Take the material below and extract the lines from the one with "Dentist wearing surgical glove" through the one with "Water with a", word for word, without pictures.
----- DATA -----
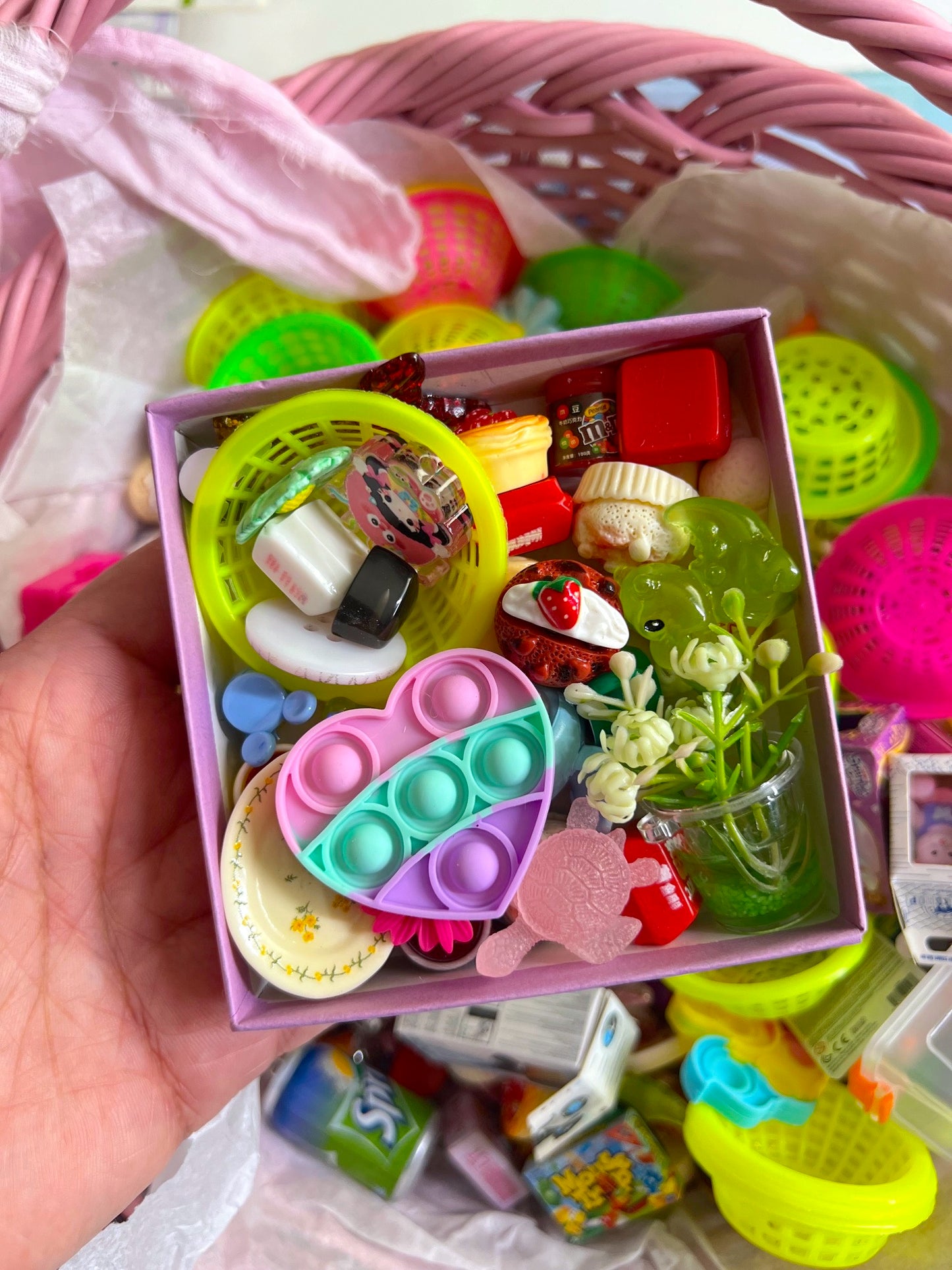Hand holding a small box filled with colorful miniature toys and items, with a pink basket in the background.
-----
----- DATA -----
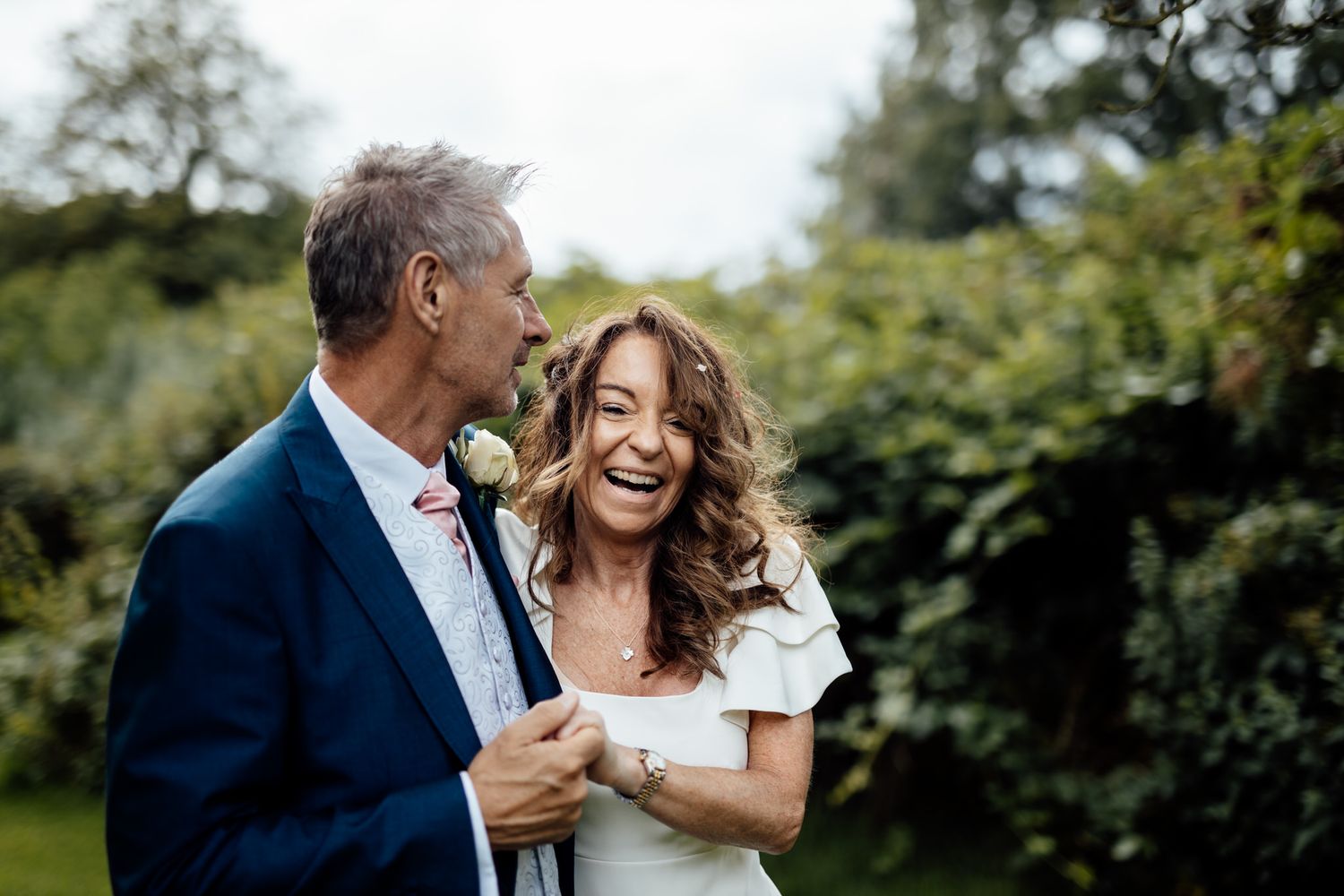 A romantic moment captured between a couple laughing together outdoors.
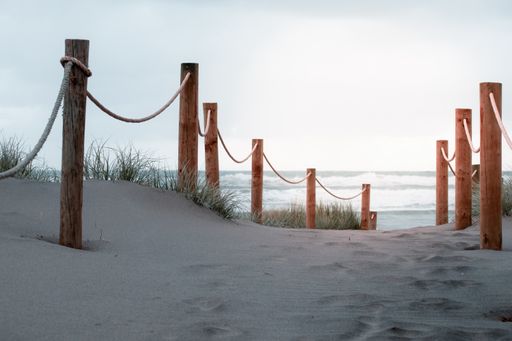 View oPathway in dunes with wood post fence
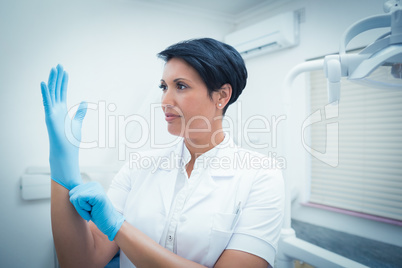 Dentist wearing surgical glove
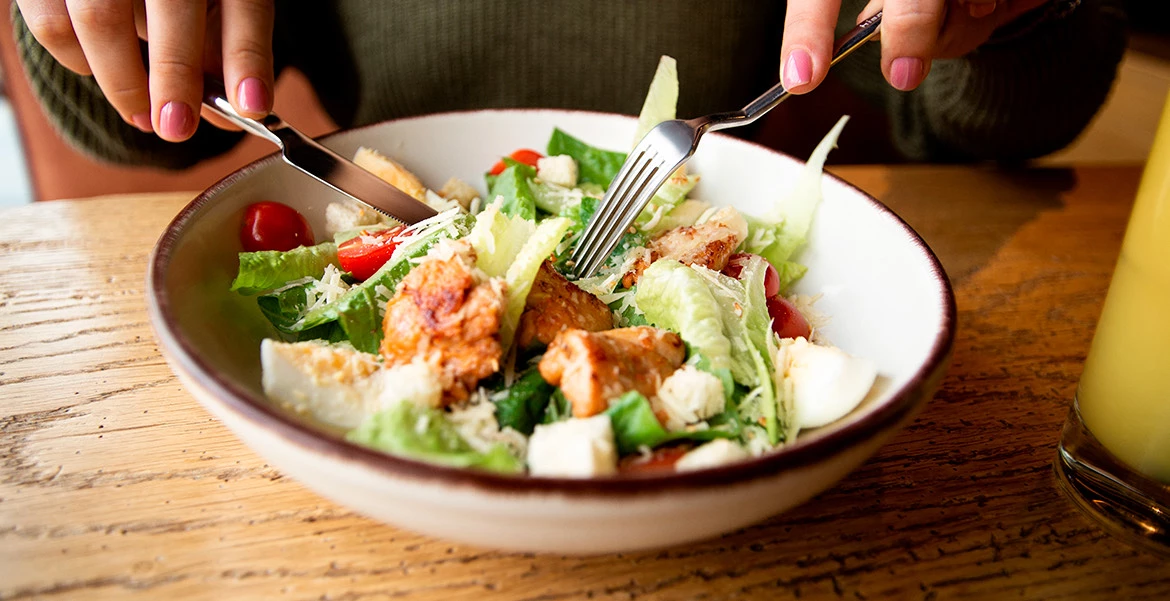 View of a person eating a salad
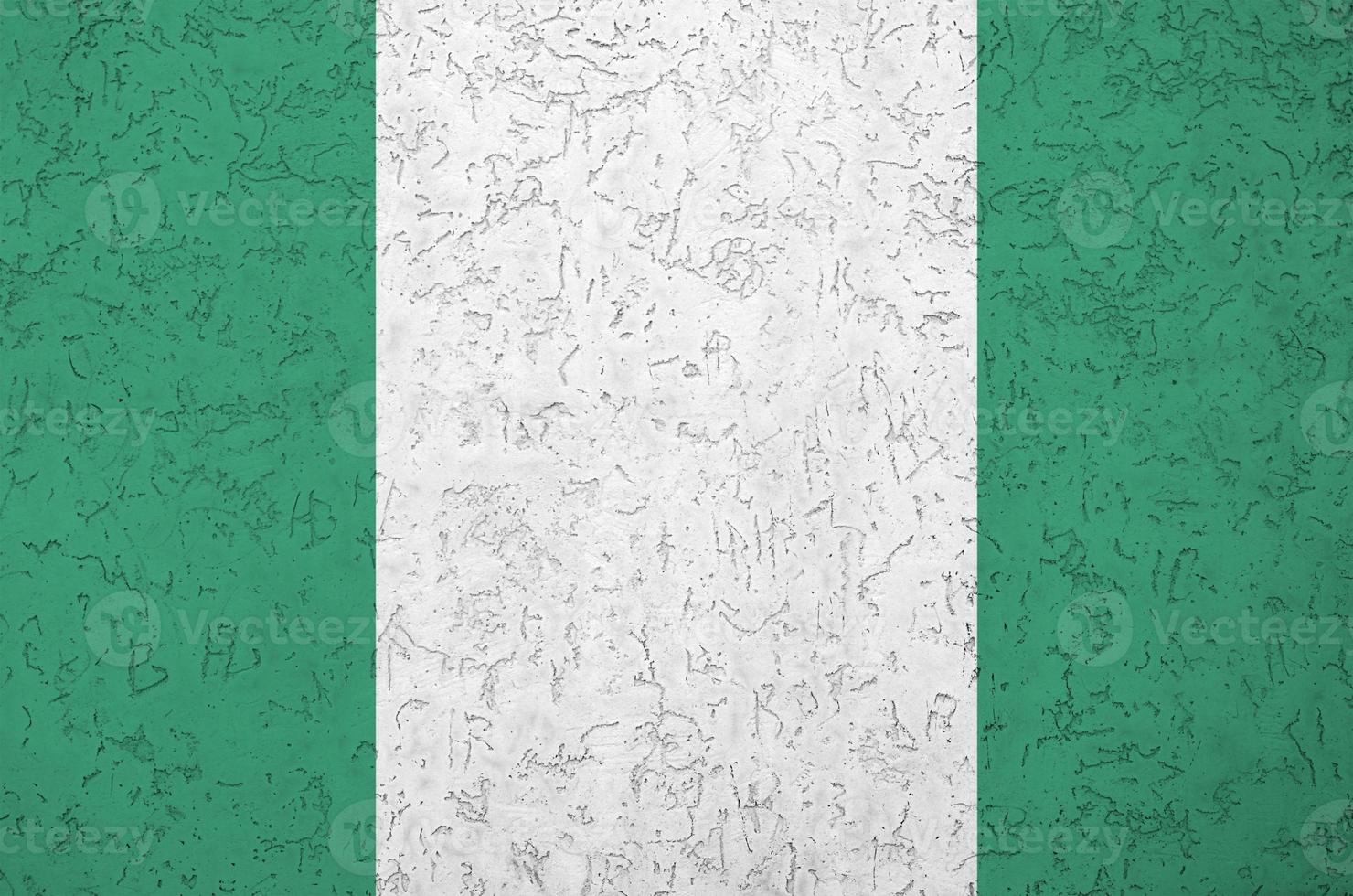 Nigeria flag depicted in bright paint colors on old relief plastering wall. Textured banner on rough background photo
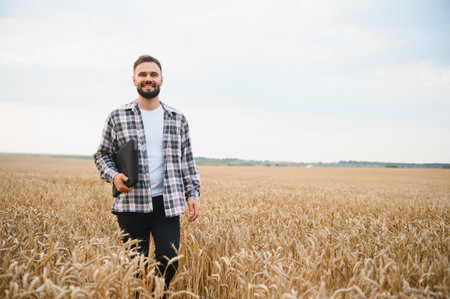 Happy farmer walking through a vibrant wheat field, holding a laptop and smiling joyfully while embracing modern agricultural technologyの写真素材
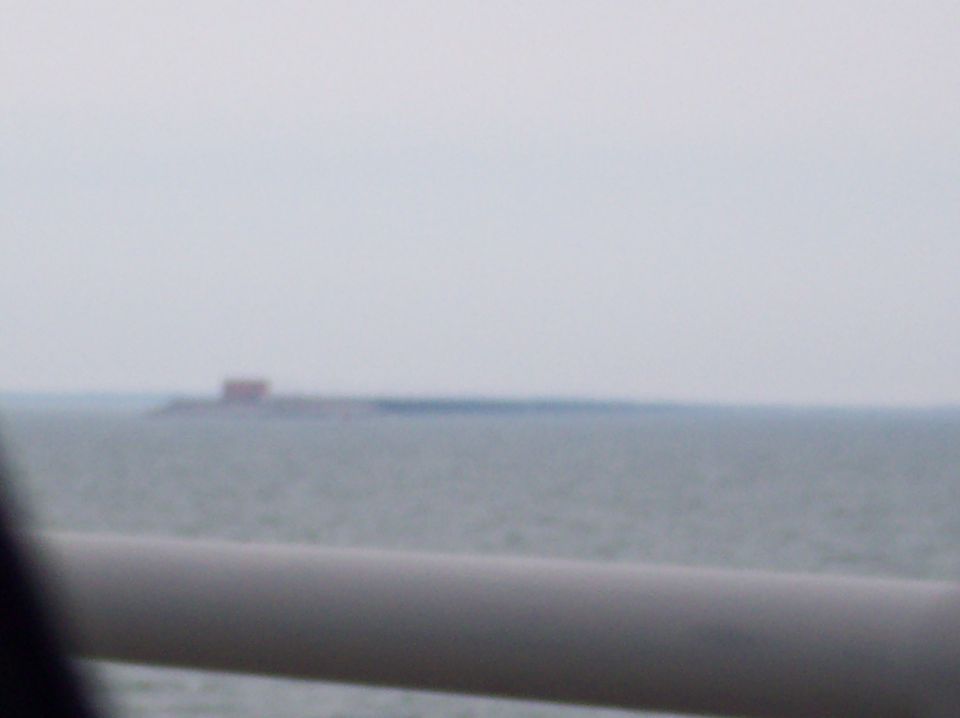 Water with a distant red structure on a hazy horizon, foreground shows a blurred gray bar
-----
----- DATA -----
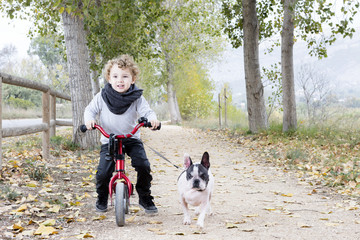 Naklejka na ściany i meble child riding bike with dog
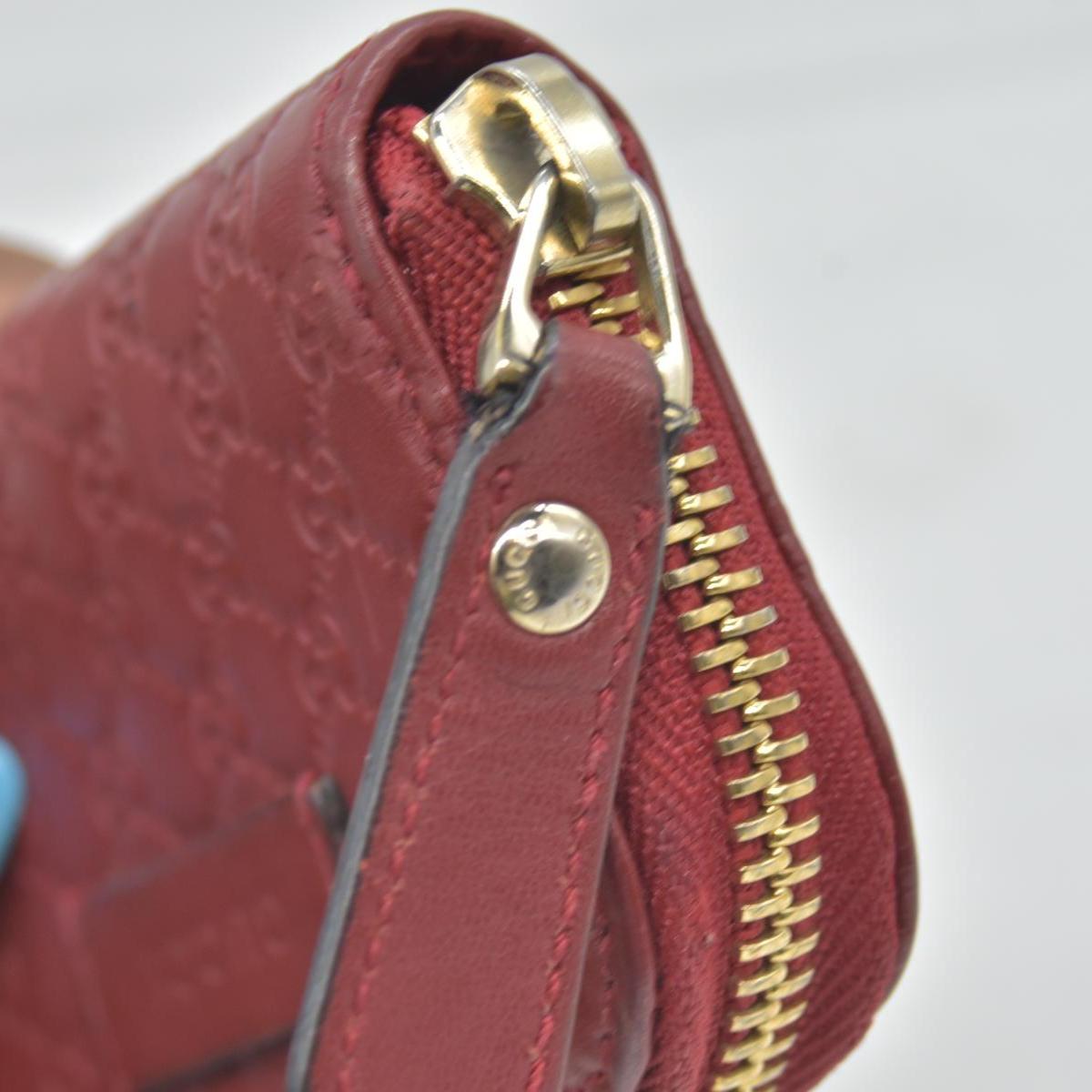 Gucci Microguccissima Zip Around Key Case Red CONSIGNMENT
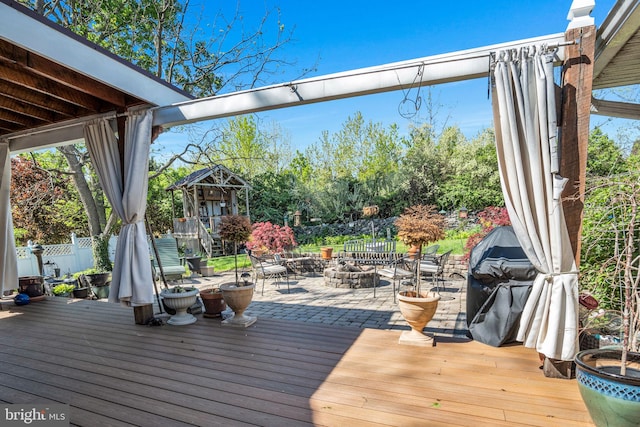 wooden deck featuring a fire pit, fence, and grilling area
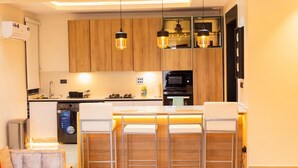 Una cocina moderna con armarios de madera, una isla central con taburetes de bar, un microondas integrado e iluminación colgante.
-----
SOLUTION TO THE PROBLEM
 Dentist wearing surgical glove
 View of a person eating a salad
 Nigeria flag depicted in bright paint colors on old relief plastering wall. Textured banner on rough background photo
 Happy farmer walking through a vibrant wheat field, holding a laptop and smiling joyfully while embracing modern agricultural technologyの写真素材
 Water with a distant red structure on a hazy horizon, foreground shows a blurred gray bar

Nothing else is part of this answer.